Fig. 3. Properties of deep breaths and bursts.

Fig. 3

a Heat maps at the top illustrate 90-s segments surrounding visually identified events. In different subjects, 35 examples each of bursts, deep breaths, and isolated non-respiratory motions were identified from respiratory belt traces and motion traces. In the motion-exhibiting subjects, a random set of timepoints was also selected.

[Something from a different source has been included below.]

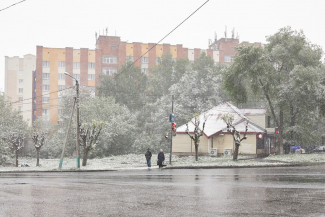 Пензенскую область накрыл мощный град: стихия затопила улицы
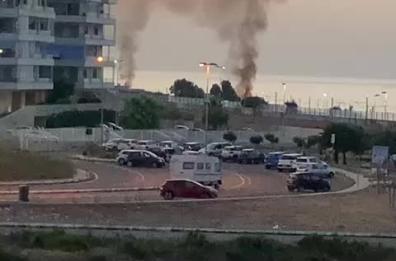 Bari brucia ancora, nuovo incendio sul lungomare San Giorgio: colonna di fumo visibile a chilometri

Illustrated are respiratory belt traces, three respiratory measures (ENV, RV, and RVT), the global (gray matter average) fMRI signal, head motion (framewise displacement, following filtering, and 4-TR calculation as in ref. 16), and DVARS (z-scored). A gray/red heatmap represents statistically significant differences from the random events (two-sample t-test, two-tailed) beyond p < 0.001, illustrated on a logarithmic scale capped at p < 1e−10. The basis of bursts and deep breaths are apparent in the respiratory belt images. b Mean signals of ENV, RV, and RVT congruently mark bursts, but deep breaths display differences across the respiratory measures, with RVT having little positive deflection. c Mean global fMRI signals differ across patterns: deep breaths have brief signal increases and marked signal decreases with nadir near 15 s, and 30 s to resolution, on average. Bursts have more marked positive deflections, and slower timecourses on average, resolving near 40 s on average. Motion produces no global fMRI signal changes. Shade plots reflect mean and std. d Deep breaths display considerable motion and DVARS changes time-locked to event onsets; bursts have smaller time-locked modulations that do not achieve significance. Source data are provided as a source data file.